-- Extracted records --
______________________________
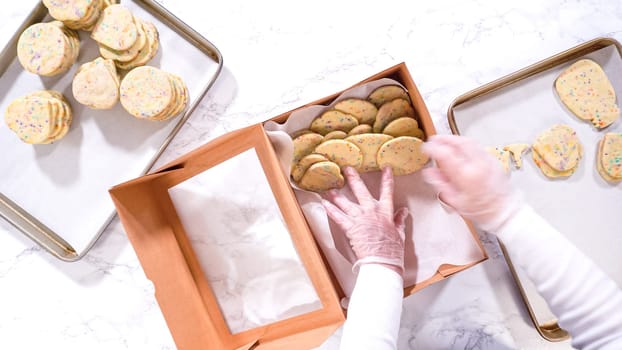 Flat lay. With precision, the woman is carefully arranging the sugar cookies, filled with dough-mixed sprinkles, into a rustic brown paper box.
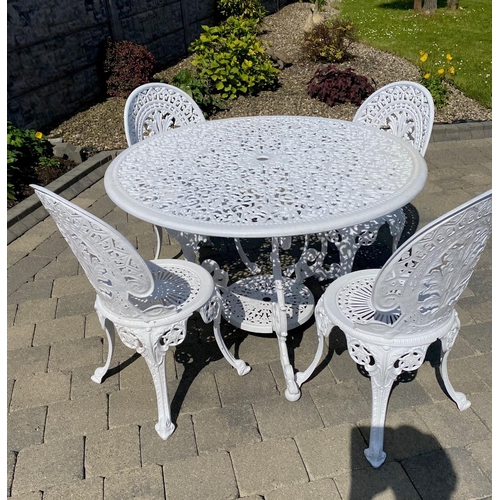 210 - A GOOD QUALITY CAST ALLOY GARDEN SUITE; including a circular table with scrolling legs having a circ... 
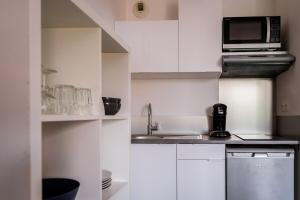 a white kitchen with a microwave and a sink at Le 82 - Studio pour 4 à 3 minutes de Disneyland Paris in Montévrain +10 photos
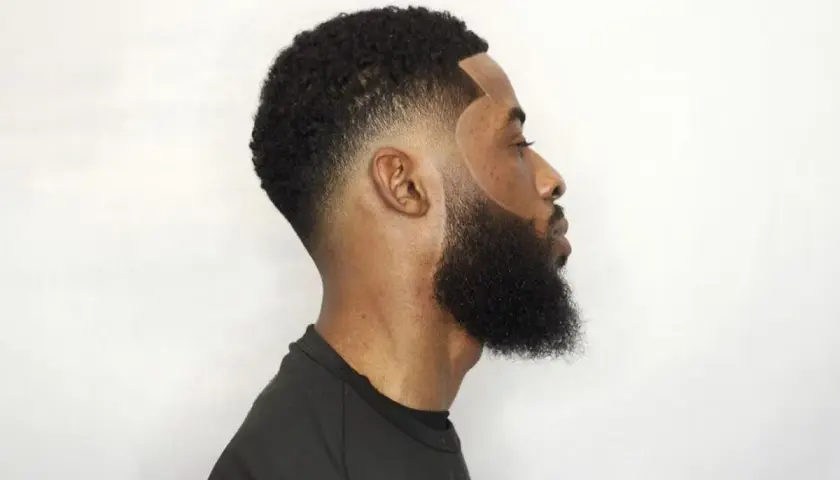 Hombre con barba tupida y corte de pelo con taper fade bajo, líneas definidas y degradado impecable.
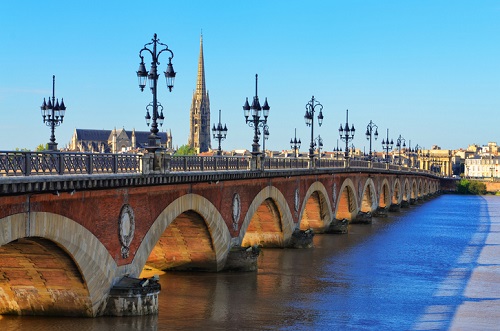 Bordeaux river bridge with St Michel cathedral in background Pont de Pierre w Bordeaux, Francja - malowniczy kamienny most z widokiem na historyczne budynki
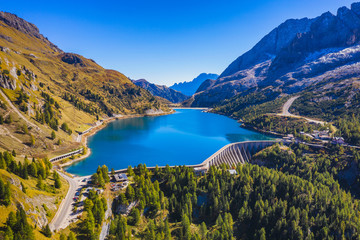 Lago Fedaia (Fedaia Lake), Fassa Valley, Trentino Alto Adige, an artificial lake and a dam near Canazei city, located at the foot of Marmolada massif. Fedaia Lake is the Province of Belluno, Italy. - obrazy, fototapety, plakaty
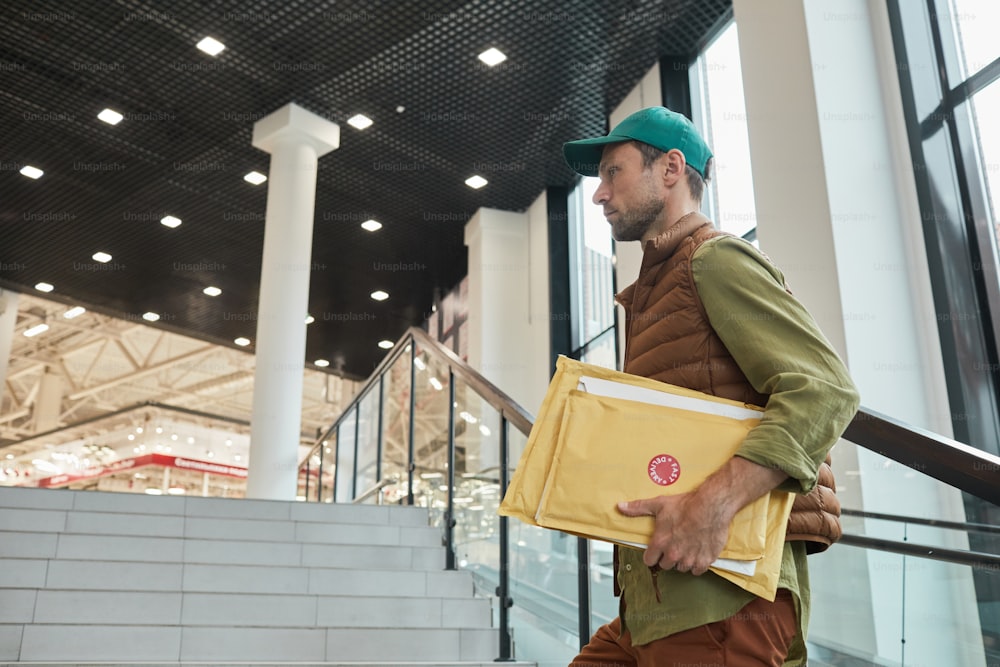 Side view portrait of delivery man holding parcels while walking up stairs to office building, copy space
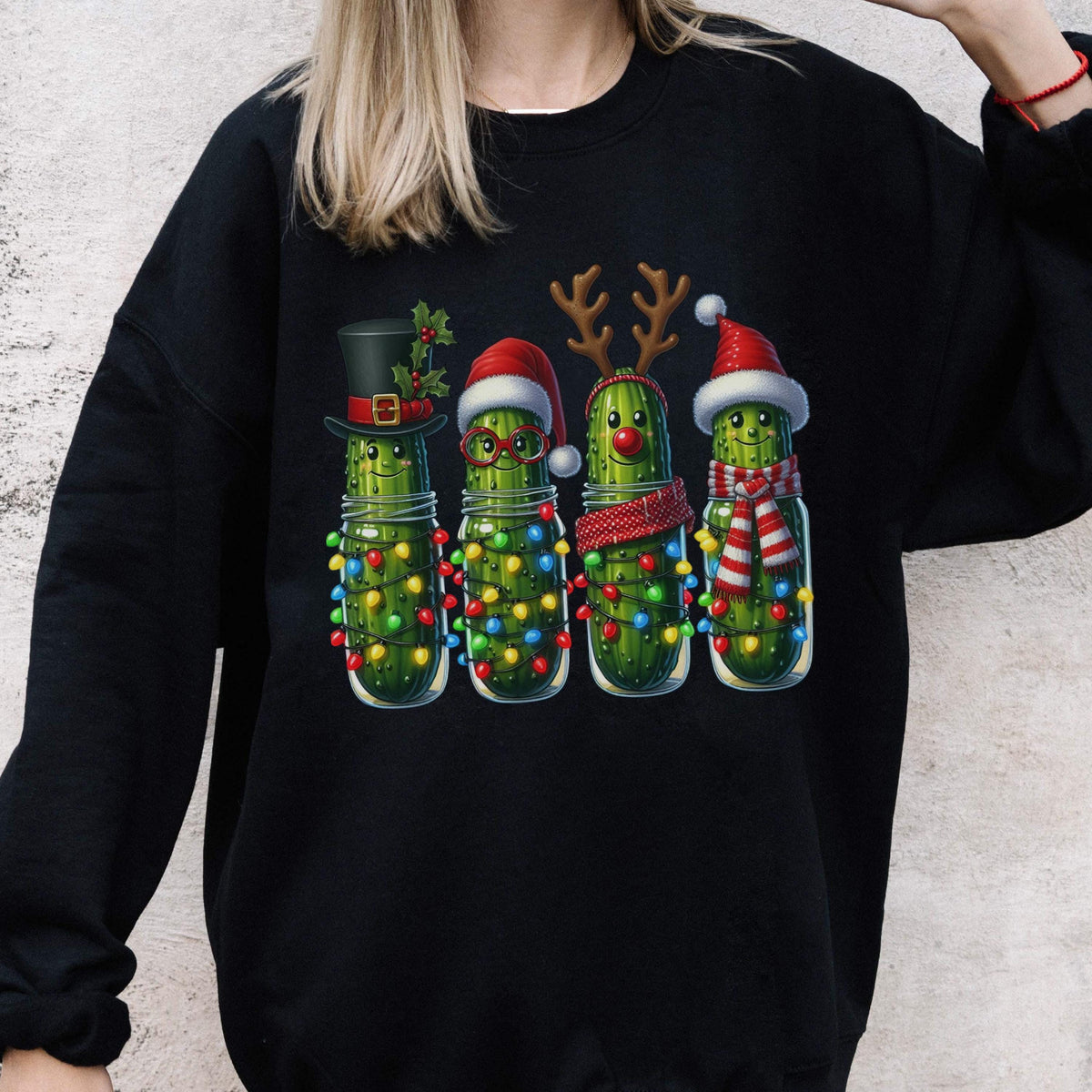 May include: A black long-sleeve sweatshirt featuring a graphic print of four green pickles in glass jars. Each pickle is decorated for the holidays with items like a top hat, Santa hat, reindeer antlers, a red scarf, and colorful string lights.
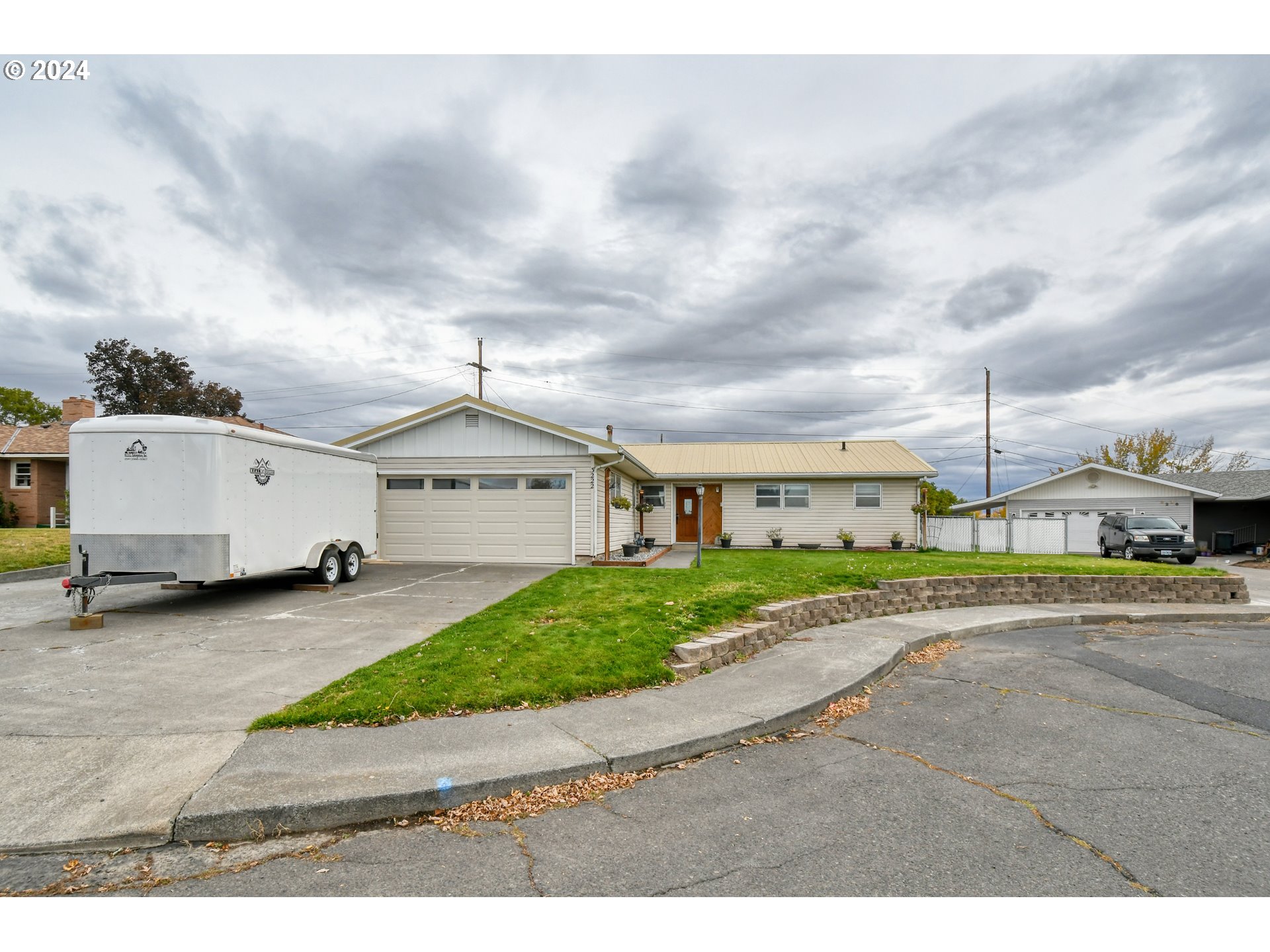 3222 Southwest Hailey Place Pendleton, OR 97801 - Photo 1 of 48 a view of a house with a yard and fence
______________________________
-- Your objective --
Start with the line above containing "Bordeaux river bridge" and end with the line containing "Side view portrait". Set down that stretch exactly, without any pictures.

-- Final answer --
 Bordeaux river bridge with St Michel cathedral in background Pont de Pierre w Bordeaux, Francja - malowniczy kamienny most z widokiem na historyczne budynki
 Lago Fedaia (Fedaia Lake), Fassa Valley, Trentino Alto Adige, an artificial lake and a dam near Canazei city, located at the foot of Marmolada massif. Fedaia Lake is the Province of Belluno, Italy. - obrazy, fototapety, plakaty
 Side view portrait of delivery man holding parcels while walking up stairs to office building, copy space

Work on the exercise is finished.